I watch Peter carve the ham as expressionless as the girl in that portrait. Knowing I don't want to be here cohosting this party. Guiltily wanting to leave now and go back to work. Wishing I could just celebrate Christmas the Jewish way, with Chinese food and a movie.
"Hey, everyone," Peter calls out to the room of hungry orphans, half of them tangled up in a game of Twister. Oh. Not what you think. It's an orphan Christmas party, for people who can't make it home. "Listen up. Dinner is served."
"And," I chime in, "after Christmas dinner we're going to play dreidel, dreidel, dreidel and then have latkes and sour cream for dessert."
Baxter, Peter's lovable mutt, barks in approval. But his master only shakes his head. "Aimee Albert."
"What?" Like I don't know.
"It's enough you brought bagels," says Peter, looking at the mixed dozen strategically placed between the green bean casserole, marshmallow sweet potatoes, and his grandmother's pumpkin pie.
"Well, you told me to bring bread." A publicist, I always know a good spin.
"Hey, great party, McKnight," interrupts Jax, Peter's new best bud from the LaughTrack. He grabs an everything bagel and with a fork smears the insides with mustard. "Making myself here a big ole ham sandwich. And then point me to those latkes. Christmas was never like this in Scranton."
"See, P. What've you got to say to that?"
Peter doesn't answer. For a stand-up, he's not so fast with the comebacks.

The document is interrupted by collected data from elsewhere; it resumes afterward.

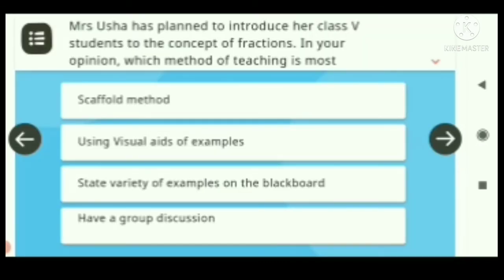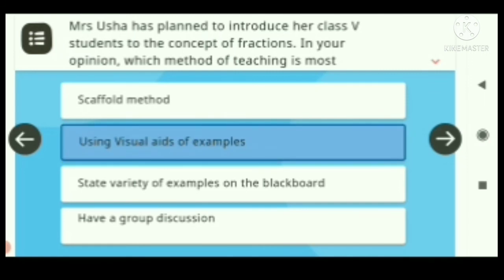Question five: Miss Dusha has planned to introduce her class 5 students to the concept of fractions. In your opinion, which method of teaching is most suitable? Options: A) Scaffold method using visual aids and examples. B) State a variety of examples on the blackboard. C) Have a group discussion. Answer: Using visual aids and examples.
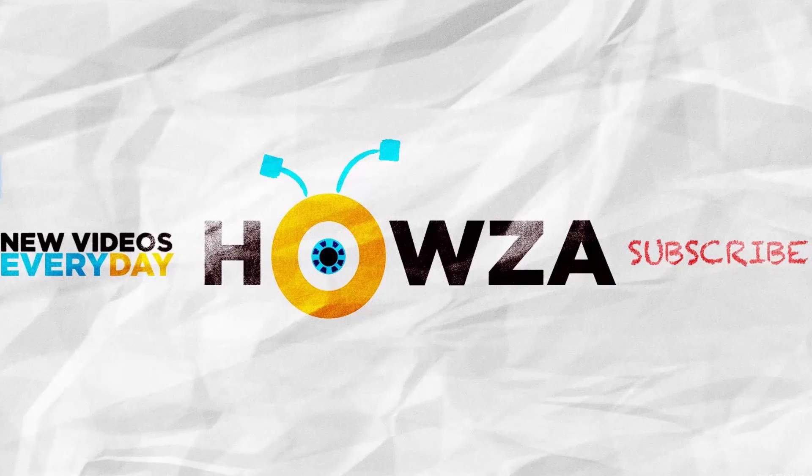Subscribe to our channel. We upload new tutorials every day. See ya!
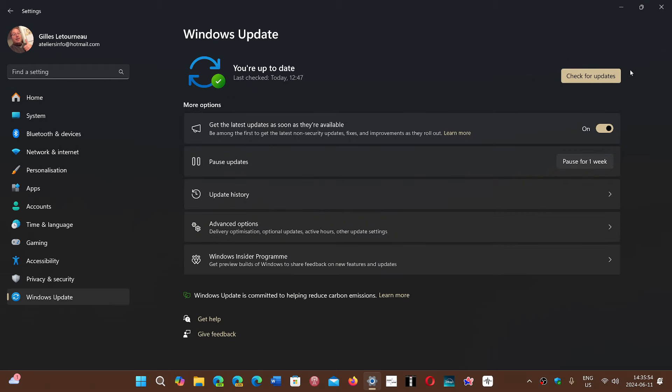And you will be, of course, getting the update on this Windows 11 machine. Now, I passed my Windows 11 to 24H2, which is not getting updates, so that's why I'm not showing you on my machine.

"You made it," he says, instead, greeting the couple who just walked in. A couple who happen to be my parents.
"Will you look at all this," says Maddie, unzipping her black down coat before handing it to my dad. "Peter, you did all this yourself?"

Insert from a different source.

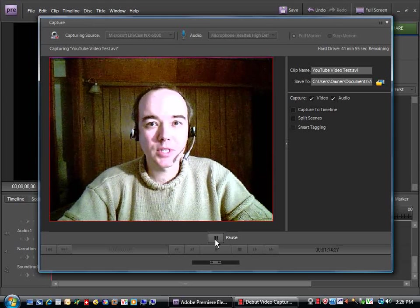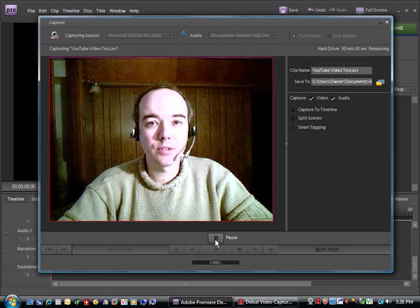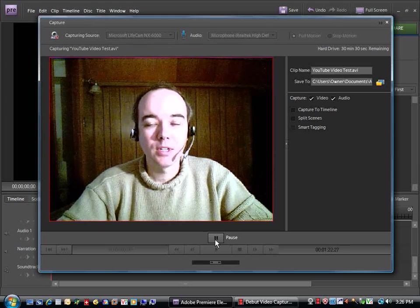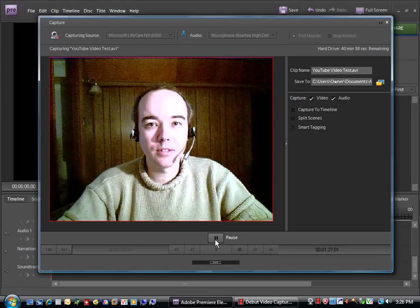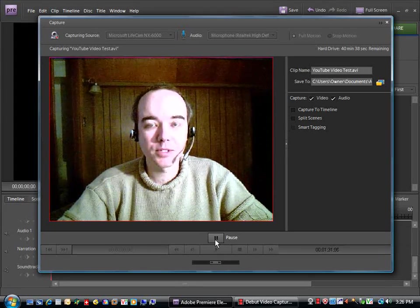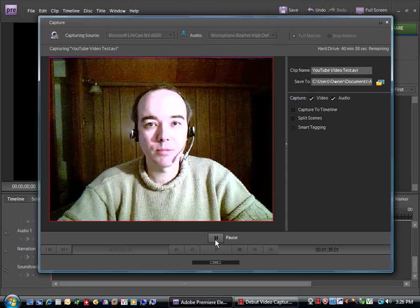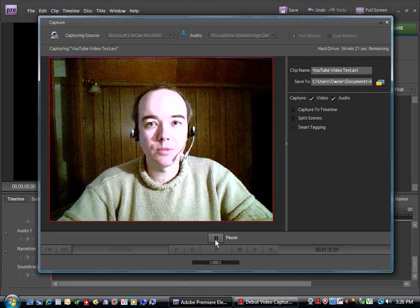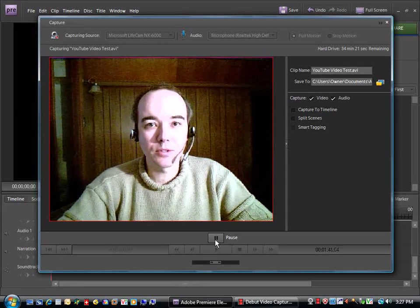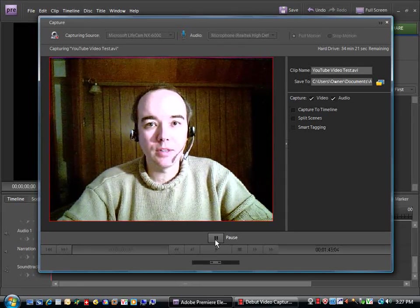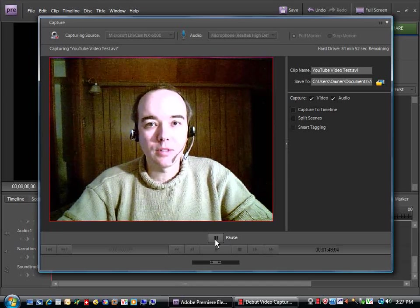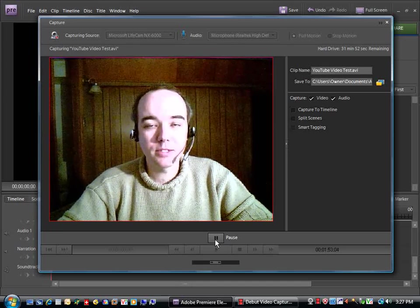And basically, this is the point now where you're going to present your message to your YouTube audience. You're going to give them the tips that you'd like to share with them, you're going to promote your product, and you're going to otherwise entertain or amaze them.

Running her red manicured fingers through her touched-up brown hair, my mother's sure to catch my eye when she speaks. We had a big to-do this morning when she found out I was going into work instead of coming straight to Peter's.
"You're not going early to help him?" she shrieked into my cell phone. "You're just going to show up? Like a guest?"

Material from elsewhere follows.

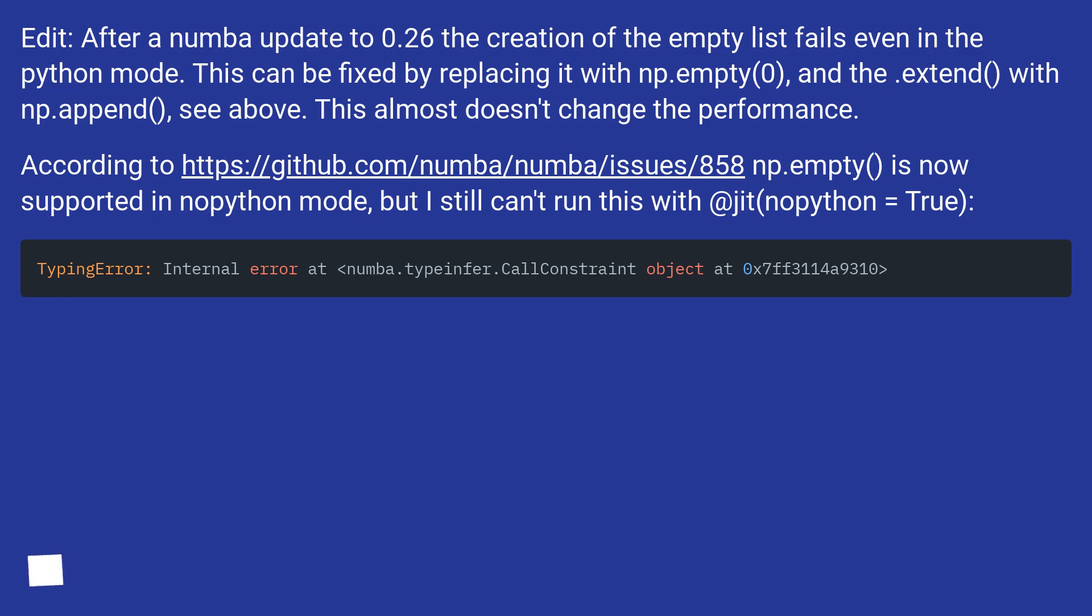Edit: After a Numba update to 0.26, the creation of the empty list fails even in python mode. This can be fixed by replacing it with np.empty(0) and the extend with np.append, see above. This almost doesn't change the performance.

The working-on-Christmas tradition began almost a decade ago with my then boyfriend. Sam's gone more than six years, but it's continued. My tradition's harder to break than my fast on Yom Kippur. Besides, Peter managed just fine.
"Everything like my mom," he answers, I think a little sad. The first Christmas he's not spent at home. Last year, we'd only known each other a few months, and he went without me. This is his first with me, and a first for me.
"Hey, can you heat up more of those latkes?"
"Mom, Dad, this is Jax," I introduce. "Peter's friend. A comedian from the club."
"Sid Albert," my father says, extending his hand. "So how's the comedy business, Jax? I'll be honest with you. I always wonder how anyone makes a living at that."
So do Jax and Peter, I think, grateful at least one of them is out of earshot.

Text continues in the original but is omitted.